It's quite embarrassing that the pols in the Utah Legislature can't agree on a law that would protect residents from having persons stroll through public places carrying weapons.
This is an issue that needs to be hashed out and compromised. Law enforcement needs to have the right to charge -- if so determined by the peace officer -- an individual who carries a weapon in a store, or park, or other location with many people with disorderly conduct.
This is not an issue connected to concealed-carry laws. We respect the rights of law-abiding Utahns to carry concealed weapons. But to tote around an AR-15 while shopping, as a man did in Riverdale a year ago, can reasonably be construed as crossing the line. It creates discomfort and fear to others.
While incidents such as the recent school shootings, as well as a massacre in a movie theater in Colorado, are very rare, they garner intense media coverage. Seeing an individual carry a weapon openly in public can create panic. There needs to be a law to stop individuals from hoisting their weapons in public, and intimidating others.

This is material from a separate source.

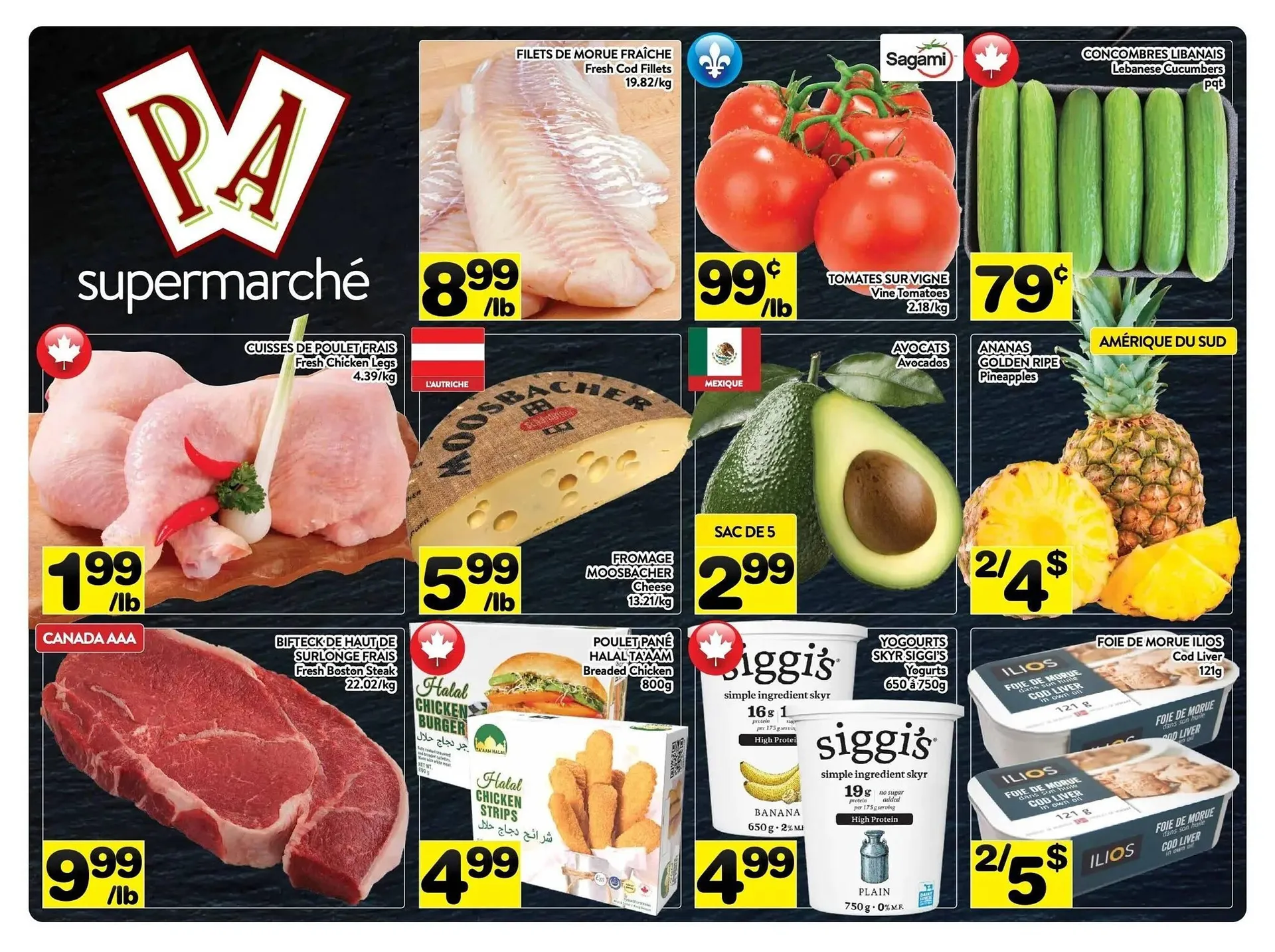Supermarché PA flyer - 1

So let's get to it, legislators. There are two bills in this year's legislative session. One is from Rep. Paul Ray, R-Clearfield, the other from Sen. Curt Bramble, R-Provo. There are various concerns with both bills. Some from police chiefs, some from gun rights advocates. These squabbles have prevented legislators from passing a disorderly conduct statute for openly toting weapons in public.
Iron out the difference, pols, pass a compromise bill. That's what we pay you people to do. Utah residents who only want to go to a store to shop shouldn't have to witness someone with a weapon strolling around.
If legislators can't pass a common-sense bill to stop this silly exhibition of weapons by attention-seekers, then it's another example of dysfunction on our state's Capitol Hill.